Speaker
Description
Ethiopia and the Horn of Africa are densely populated regions that are particularly vulnerable to changing precipitation patterns. Current climate trends show that extreme rainfall events over the Ethiopian highlands cause severe floods in the downstream Nile Valley, such as the flooding of Khartoum in 1999 and 2020. Understanding past precipitation intensity recorded in lake systems under changing climate conditions is crucial for improved flood risk assessments. However, the instrumental record does not extend far enough back to reliably reconstruct longer decadal- and centennial hydroclimate changes and their drivers. Here we present a new hydroclimate reconstruction covering the past 2,500 years from Lake Babogaya (Central Ethiopia).

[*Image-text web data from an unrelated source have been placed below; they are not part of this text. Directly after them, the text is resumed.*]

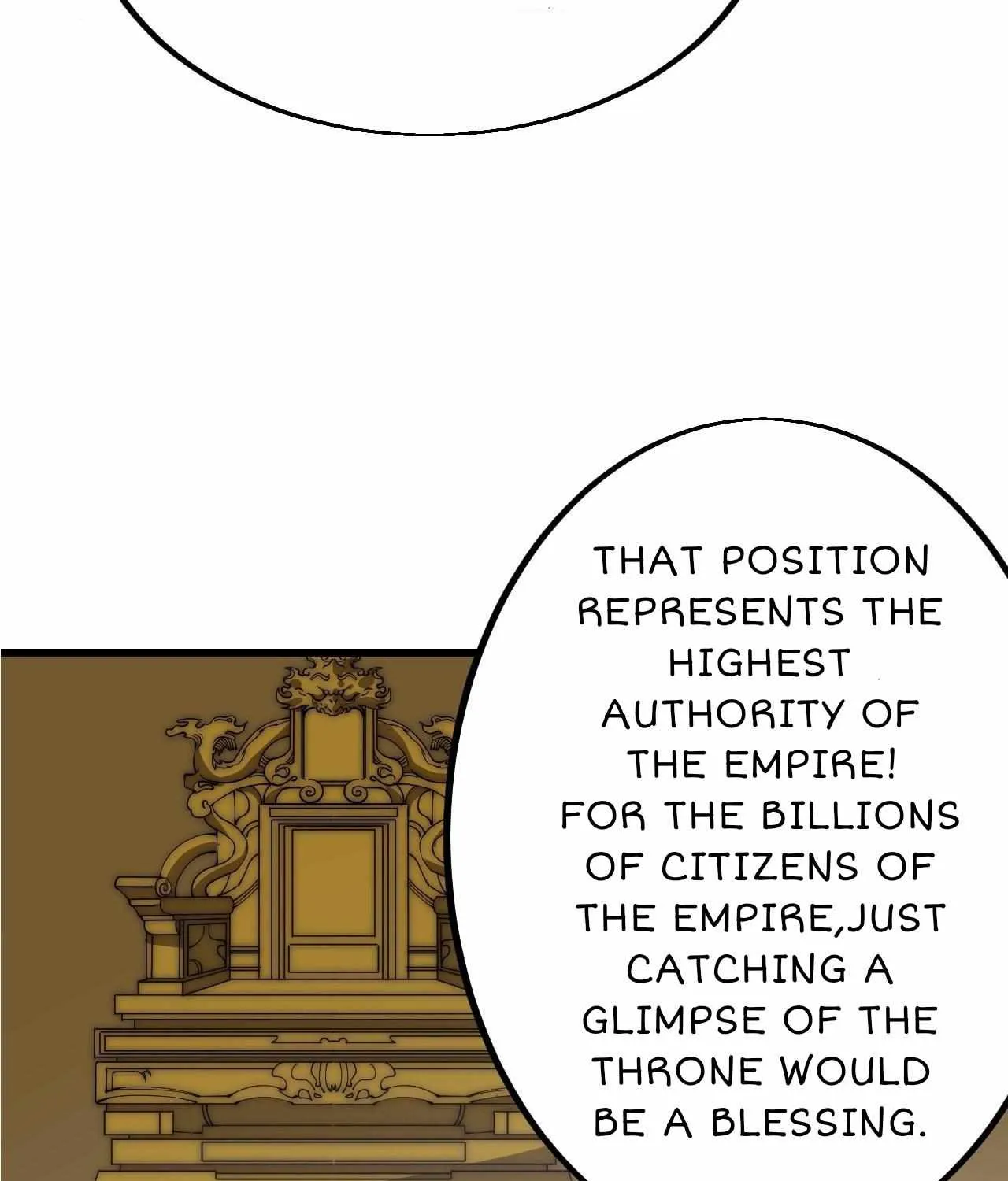 Chapter 593 — page 8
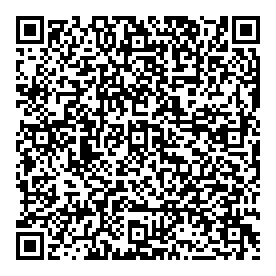 QR Code für HEID Energieberater Gießen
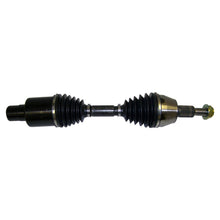 Load image into Gallery viewer, Left-Or-Right-Rear-Hub-Assembly-For-0509-Dodge-Durango-Or-0709-Dodge-Aspen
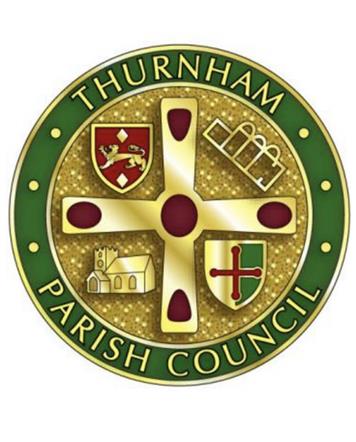  - Parish Council Meeting Monday 20th November 2023 at 7.30pm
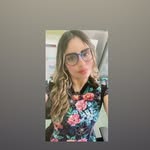Mary Bless - @acidd.girl - Instagram
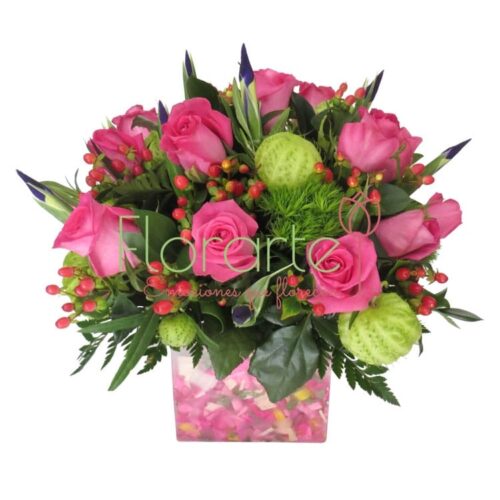 Florencia Tus Ojos Florencia Tus Ojos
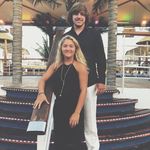 Piper Duff - @duffpiper - Instagram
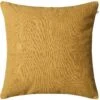 Pani Cushion Outdoor 50x50 Cm, Beige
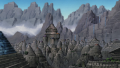 Thumbnail for version as of 05:35, 28 February 2018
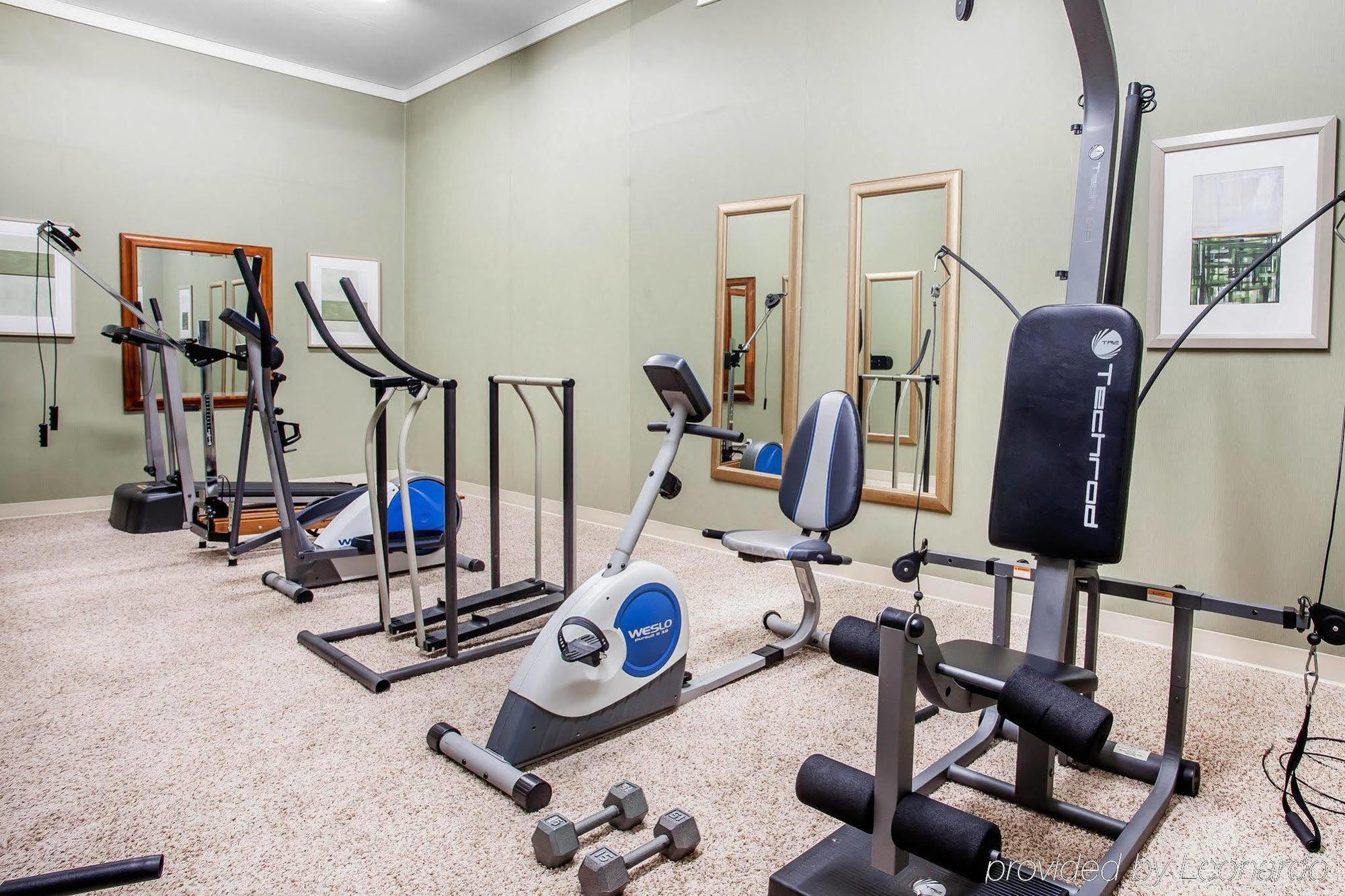 Quality Inn & Suites Okanogan - Omak Ngoại thất bức ảnh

Lake Babogaya is situated close to the Blue Nile catchment, which is one of the main sources of the Nile River. We applied a multi-proxy approach combining micro-facies analyses, micro-X-Ray Fluorescence (XRF) mapping, and hydrogen (δ2H) and carbon (δ13C) isotope ratios of n-alkanes from plant waxes. The chronology is based on varve counting and radiocarbon analysis of charcoal deposits, which provide the ages for several tephra layers preserved in the core. The samples are dominated by short-chain n-alkanes (nC21 and nC23) likely derived from submerged aquatic plants, with long-chain n-alkanes (nC29, nC31 and nC33) from leaf waxes of higher terrestrial plants also present. Based on preliminary data, we observe pronounced variability in δ2H values over the past 2,500 years, with δ2H values of short-chain n-alkanes ranging from -40‰ to -140‰ and from -100‰ to -160‰ for long-chain n-alkanes. Rapid shifts between 2,000 and 1,200 yr BP might be related to changes in rainfall amounts, moisture sources or vegetation cover. More negative δ2H values around 2,100-1,900 yr BP and 1,300-1,100 yr BP contrast with less negative values around 1,800-1,500 yr BP and 700-600 yr BP, suggesting alternating hydroclimate conditions. In addition, varved sediment intervals predominantly occur during periods of more negative δ2H values, which is potentially related to reduced lake mixing and enhanced varve preservation. Both aquatic and terrestrial n-alkanes show coherent patterns, indicating regional-scale hydroclimate changes affecting both lake and catchment environments.